Semiconductor companies experienced a significant surge on Monday, with sector stocks notably outperforming the broader market following the announcement of new restrictions by the Biden administration on China’s access to essential chip components and AI technology. The Philadelphia Stock Exchange Semiconductor Index climbed 2.9%, marking its largest one-day percentage increase in roughly a month, while the Nasdaq 100 Index saw a more modest gain of 1.1%.

Notable movements in the sector included Intel (NASDAQ:INTC), which jumped 5% after the company announced the departure of CEO Pat Gelsinger. Other semiconductor and AI-related companies also saw their shares rise, with Taiwan Semiconductor Manufacturing Co (NYSE:TSM) up by 5.2%, ARM by 5%, Advanced Micro Devices (NASDAQ:AMD) by 3.5%, and Nvidia (NASDAQ:NVDA) by 0.8%. Companies specializing in semiconductor capital equipment also gained, with Lam Research (NASDAQ:LRCX) increasing by 6%, Applied Materials (NASDAQ:AMAT) by 4.6%, KLA Corp (NASDAQ:KLAC) by 3.1%.

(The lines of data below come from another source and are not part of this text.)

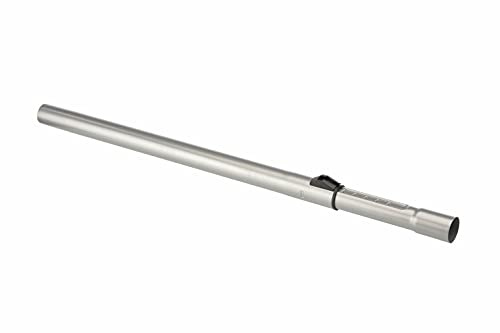 Bosch Siemens 00359106 Teleskoprohr Staubsauger - teleskopsaugrohr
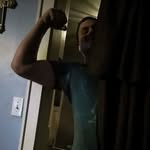 Logan Michael Eidson - @loganmichaeleidson - Instagram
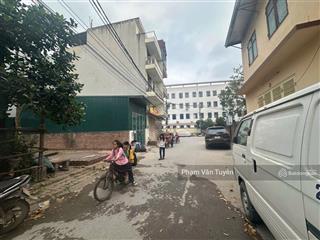 Bán nhà dân xây 38m2 x 3 tầng, đường kinh doanh, căn góc, giá 7.8 tỷ,  0865 137 ***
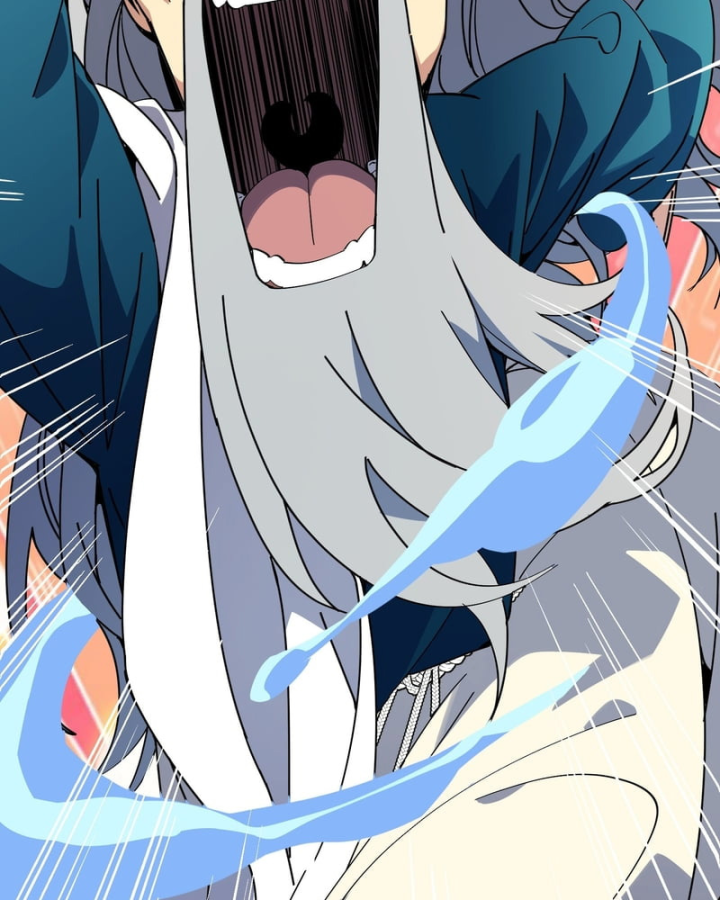 Ai bảo hắn tu tiên! Chapter 3 - 70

The new US measures are aimed at impeding China’s ability to develop advanced semiconductors and AI systems that could enhance its military capabilities. The Department of Commerce has implemented additional curbs on the sale of high-bandwidth memory and chipmaking gear, including equipment produced by US firms in foreign countries. Additionally, 140 Chinese entities were added to a blacklist for allegedly acting on behalf of Beijing, though their names were not immediately disclosed.

The rules, which have been under consideration for some time, are intended to slow China’s progress in the semiconductor field. They include restrictions on the sale of two dozen types of manufacturing equipment and three software tools. These controls apply to both US and foreign companies, utilizing the foreign direct product rule to regulate goods made abroad with US technology. However, there are exemptions for countries capable of imposing similar controls, creating a pathway for allies like Japan and the Netherlands to enact comparable measures.

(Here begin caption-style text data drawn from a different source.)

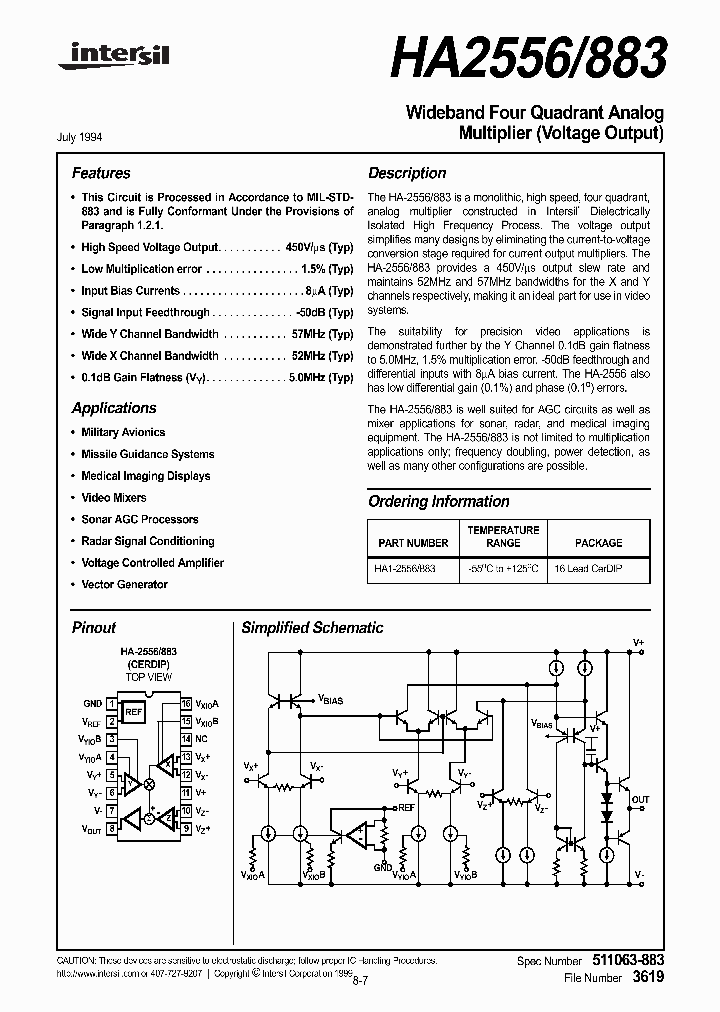 HA2556883_482126.PDF Datasheet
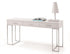 J and M Furniture Desk SG02 Modern Office Desk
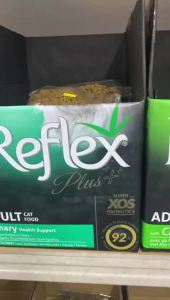 REPACK-REFLEXURINARY-DIGESTSYSTEMPREMIUMCATFOOD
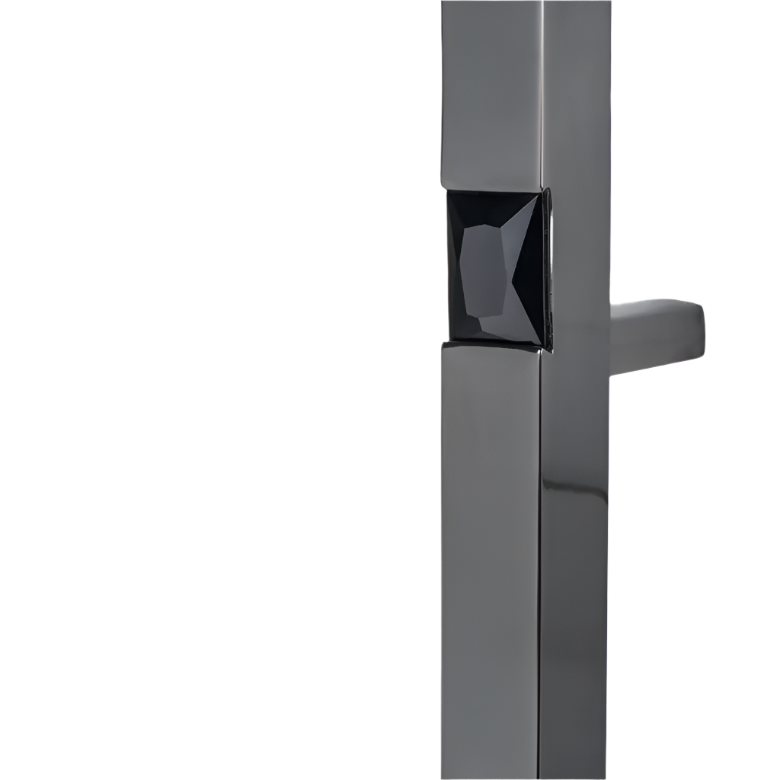 Onyx LE4014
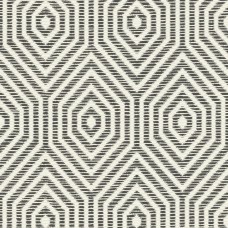 Обои KT-Exclusive TP80508 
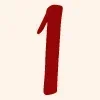 1️⃣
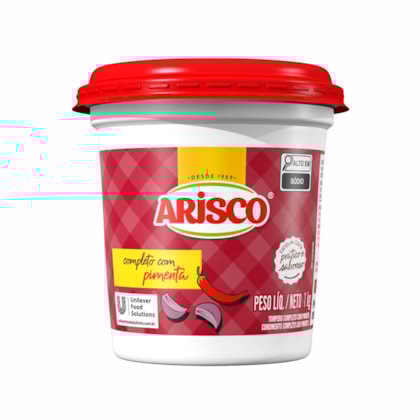 Imagem de Produto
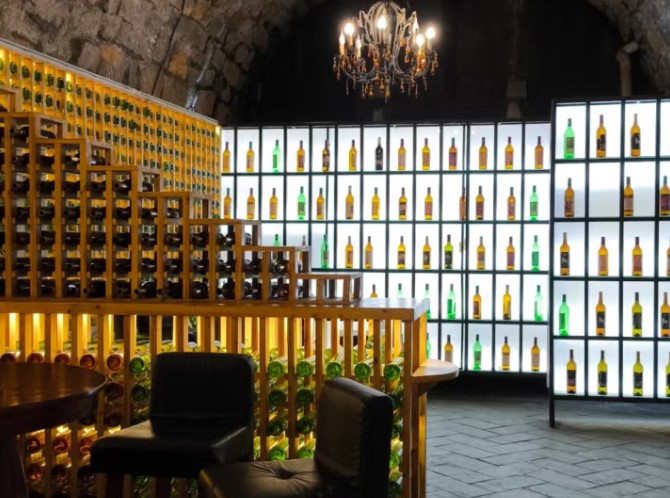 2026 弥勒太平湖汽车拉力赛来袭，六大景区免票畅玩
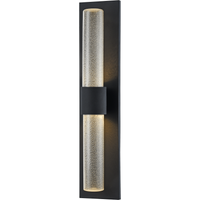 Likwid Sconce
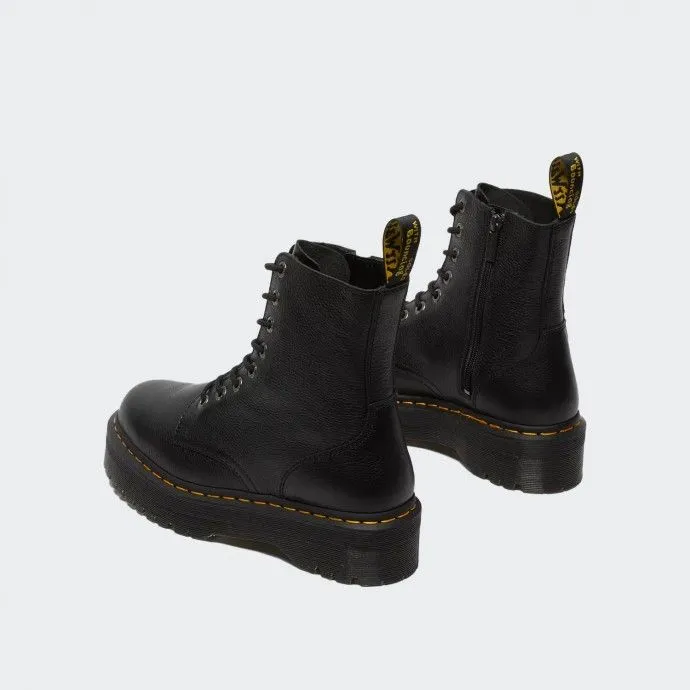 DR. MARTENS botas martens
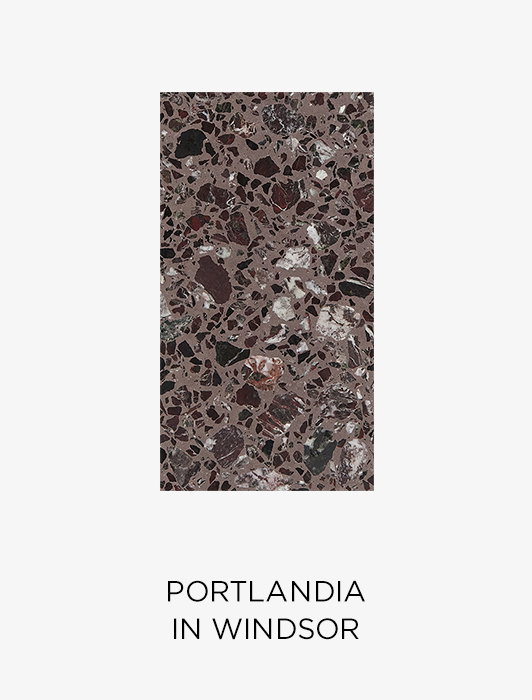 Portlandia in Windsor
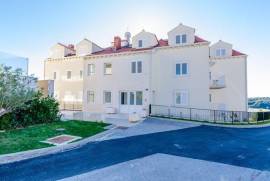 Luxury 2 Bed Apartment For Sale in Dubrovnik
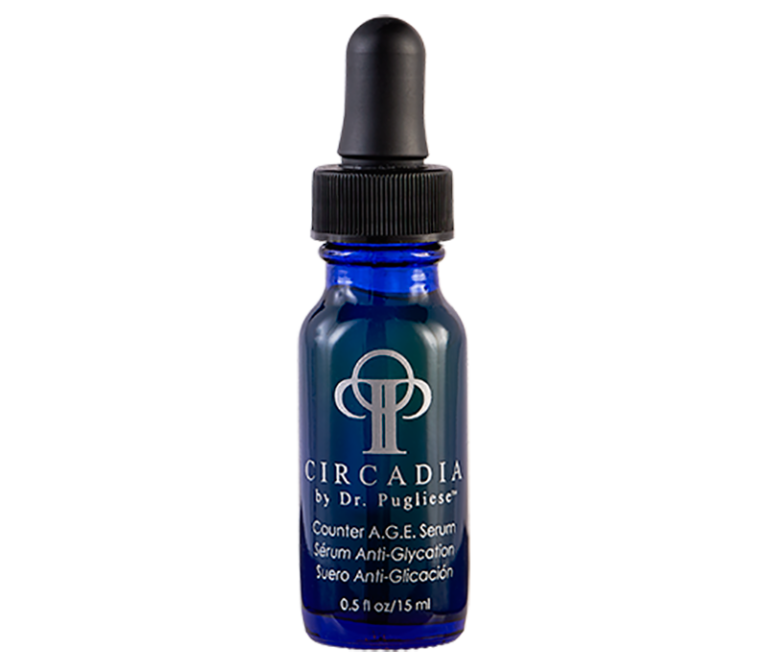 Circadia Counter A.G.E 15ml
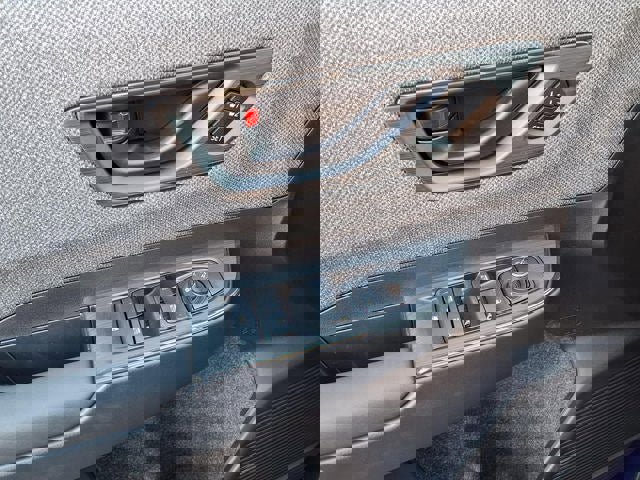 New 2026 Subaru Outback Limited image 32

Secretary of Commerce Gina Raimondo commented on the initiative, emphasizing the administration’s strategy to address China’s military modernization through export controls. The new regulations also target high-bandwidth memory chips, crucial for AI applications, adding to existing restrictions on advanced logic chips.

Analysts have been monitoring the situation, with Lynx Equity Strategies noting the potential for the sector to reach a pivotal moment. The release of the full details of the BIS export controls is expected to clarify the impact on individual companies within the semiconductor industry. The initial response to the new restrictions could influence market trends, with some companies potentially benefiting while others may face increased risks.